Feature: Opinions divided in Zambia on whether prisoners should be allowed to vote

Source: Xinhua| 2020-02-10 21:53:30|Editor: huaxia

LUSAKA, Feb. 10 (Xinhua) -- Divided opinions have emerged in Zambia following an announcement that prisoners will be allowed to vote.

This is the first time since the southern nation got independence in 1964 that inmates will participate in voting during the 2021 general elections.

The country's electoral body announced recently that prisoners will be allowed to vote in next year's elections.

This follows a high court ruling which gave a green light for the prisoners to vote.

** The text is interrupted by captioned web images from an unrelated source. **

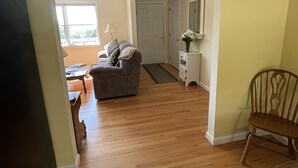 A living room with a sofa, a wooden floor, a dining table, and a chair. - Spectacular views and close to three ski areas; Stowe, Smuggler’s  and Jay Peak. (Hyde Park)
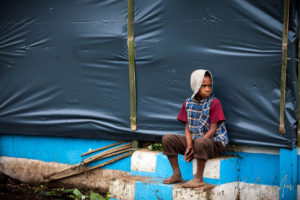 Seated Papuan child on a steps in front of a plastic-sheeted building, Mt Hagen PNG.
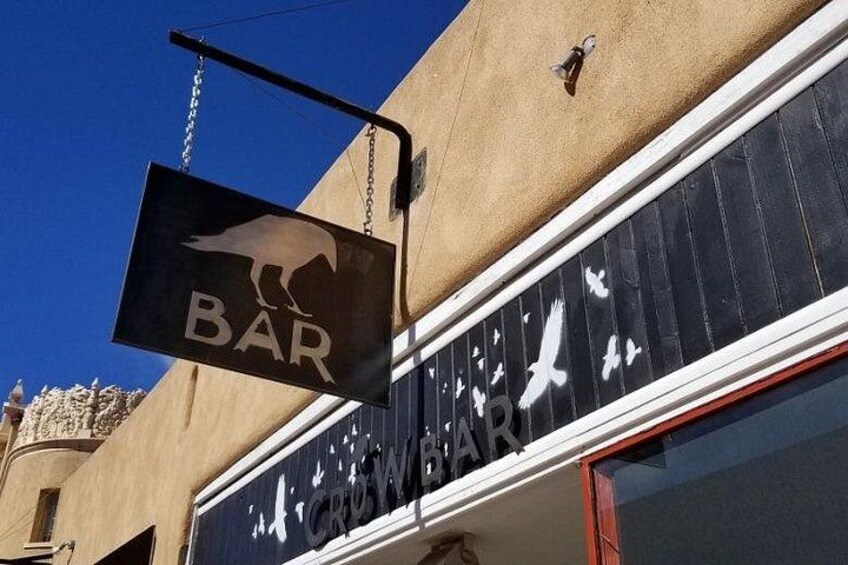 Un letrero de bar con la silueta de un ave y la palabra 'BAR' colgado de un edificio. 2
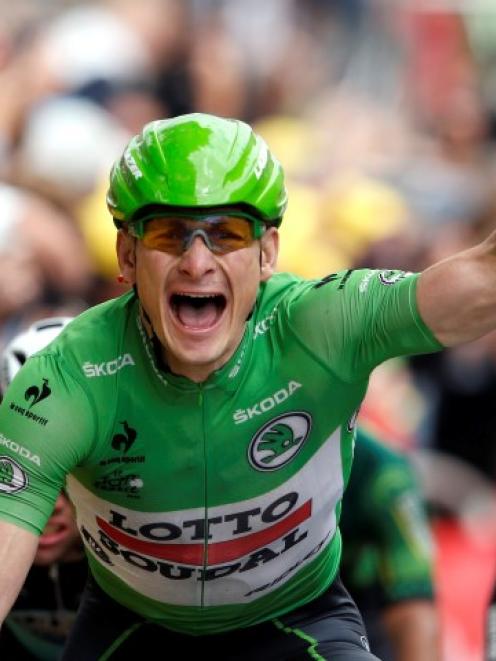 Andre Greipel celebrates as he crosses the finish line to win the 189.5km 5th stage of the Tour...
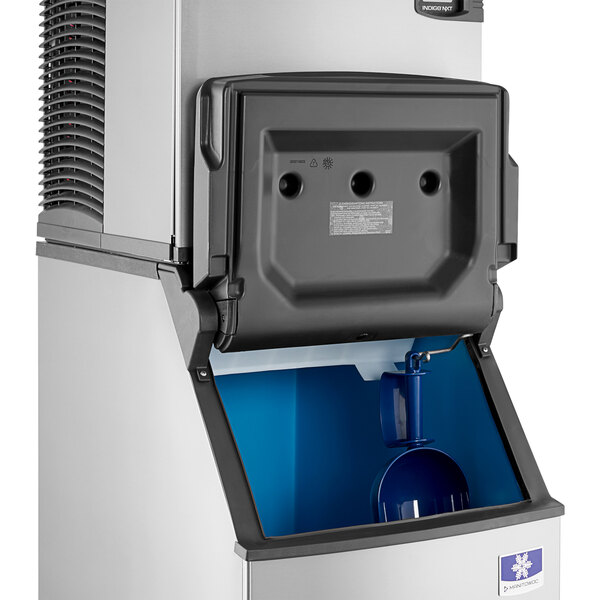 A commercial ice machine with an open storage bin and visible internal components.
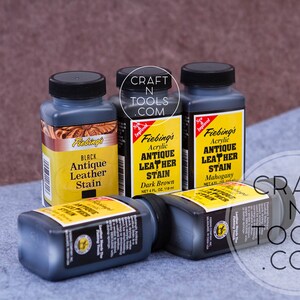 May include: Four bottles of Fiebing's Antique Leather Stain in black, dark brown, and mahogany. The bottles are labeled with the Fiebing's logo and product information. The bottles are on a gray fabric surface.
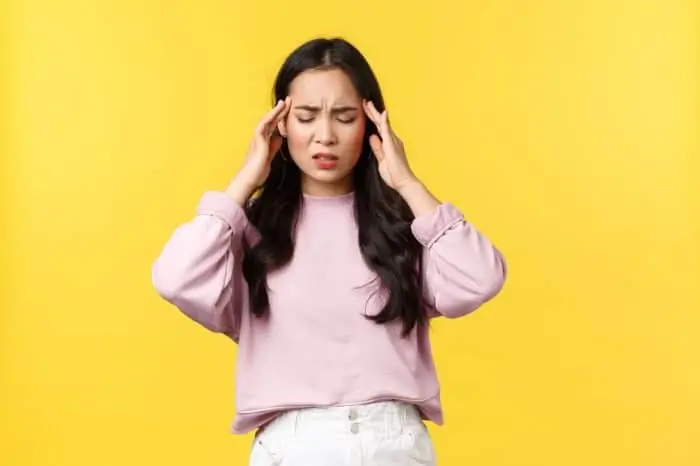 A person experiencing a headache, one of the common side effects of Evenity.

Some stakeholders had taken the matter to court.

However, the announcement has brought divided opinions from different stakeholders, with opposition political parties accusing the governing party of trying to use prisoners to manipulate the elections while the ruling party has stated that there is nothing sinister.

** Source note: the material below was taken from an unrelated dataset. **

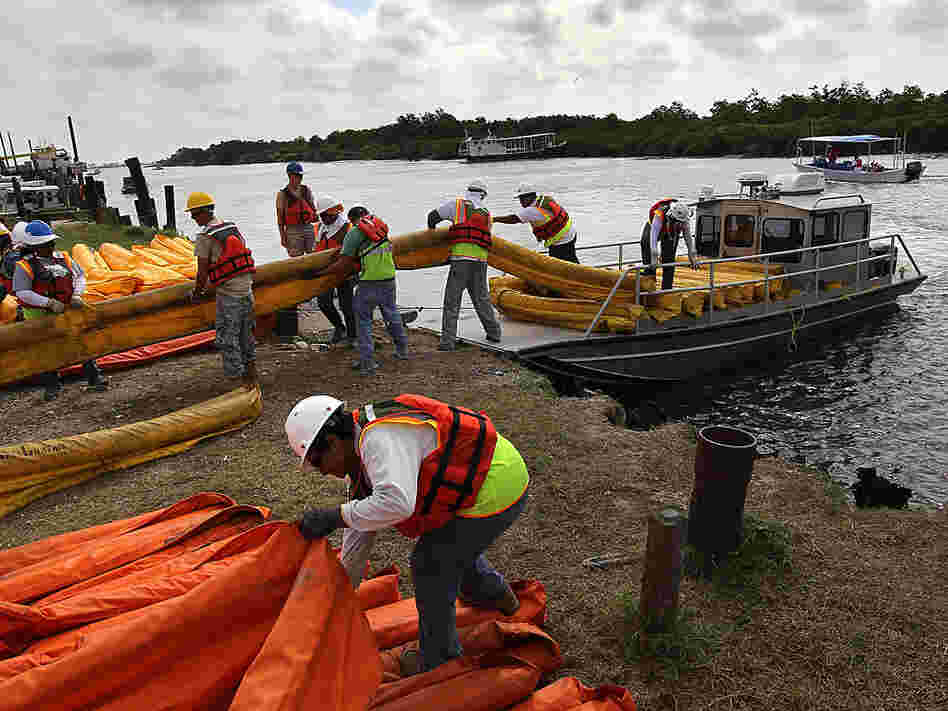 Contract workers load oil booms onto a boat to protect marshlands from the Gulf's massive oil slick.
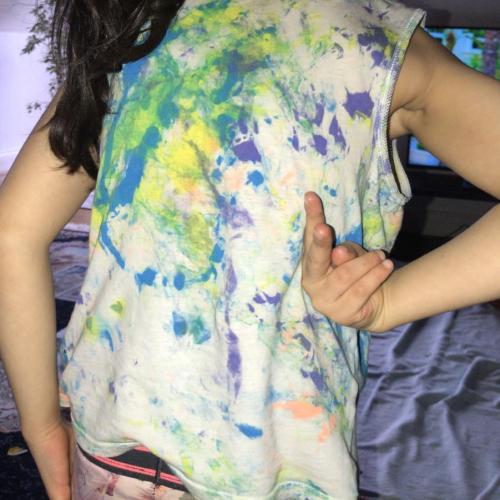 back of a painted t-shirt, wore by a girl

One organization which is elated by the development is the Prison Care and Counseling Association (PRISCA), the organization that had taken the matter to court.

According to Godfrey Malembeka, the organization's executive director, prisoners in Zambia have been denied an opportunity to exercise one of the fundamental human rights for a long time.

He said Zambians can not be talking about democracy when some groups are marginalized.

But Nason Msoni, president of the opposition All People's Congress Party (ACP) said his party is shocked over the announcement to allow prisoners to vote.

He said the move to allow inmates to vote will only benefit the ruling party because they are still many issues that need to be put in place.

According to him, it would be extremely difficult for opposition political parties to have unfettered access to high security institutions like prisons in order to canvass for votes.

The United Party for National Development (UPND) said the decision to allow inmates participate in next year's elections is not welcome.

The party said that the electoral body should have first of all consulted all stakeholders before making the announcement.

But the opposition Green Party says the decision to allow inmates to vote is welcome although the electoral body will have a mammoth task to put in place logistics to avoid hiccups and suspicions.

Peter Sinkamba, the party's president said allowing prisoners to vote is one of the constitutional rights.

Patrick Nshindano the chief electoral officer said the electoral body has already started consultations with stakeholders and was working on modalities on how the process will be conducted.